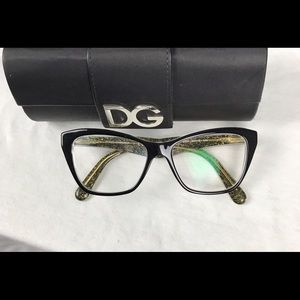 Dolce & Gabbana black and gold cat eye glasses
###
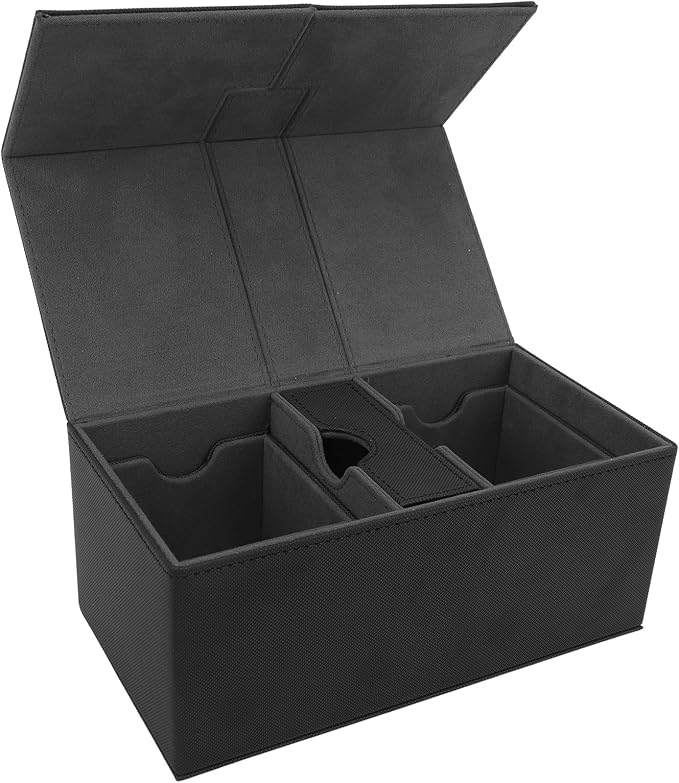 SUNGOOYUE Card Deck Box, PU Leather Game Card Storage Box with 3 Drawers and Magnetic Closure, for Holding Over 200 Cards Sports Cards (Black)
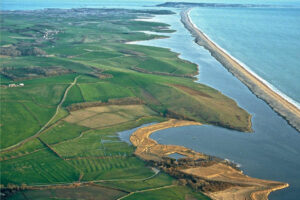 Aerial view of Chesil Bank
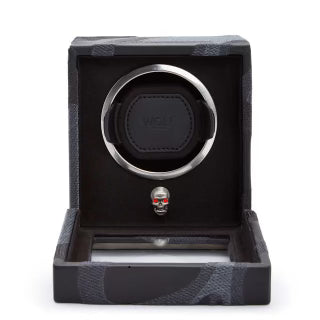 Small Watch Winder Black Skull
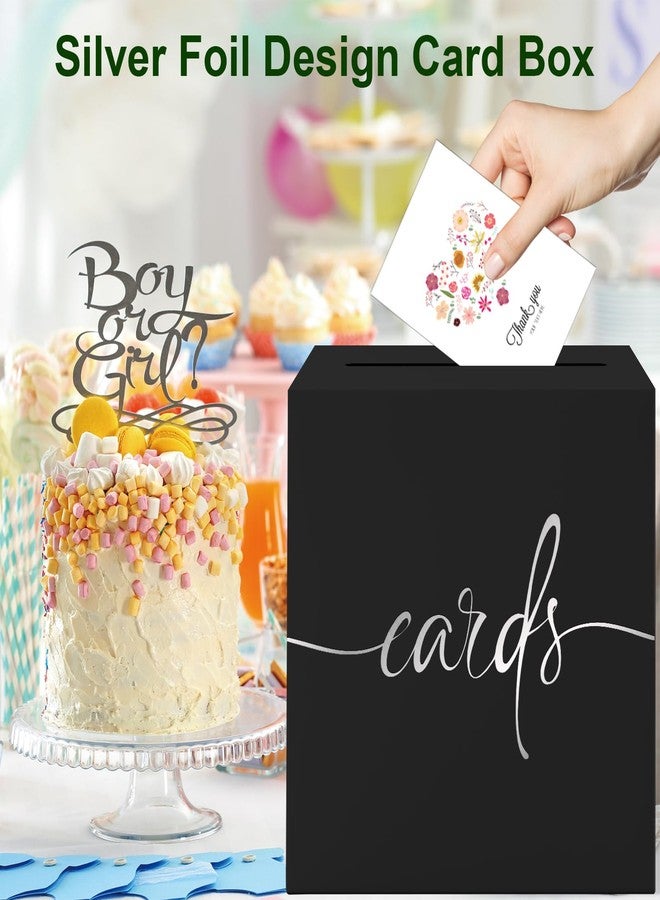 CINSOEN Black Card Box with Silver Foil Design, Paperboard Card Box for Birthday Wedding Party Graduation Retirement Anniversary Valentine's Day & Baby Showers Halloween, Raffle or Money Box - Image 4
###
◆ What this task involves ◆
Pictures excluded, reproduce only the part above that opens with the line holding "Aerial view of Chesil Bank" and closes with the line holding "CINSOEN Black Card", exactly as written.

◆ Output of the task ◆
 Aerial view of Chesil Bank
 Small Watch Winder Black Skull
 CINSOEN Black Card Box with Silver Foil Design, Paperboard Card Box for Birthday Wedding Party Graduation Retirement Anniversary Valentine's Day & Baby Showers Halloween, Raffle or Money Box - Image 4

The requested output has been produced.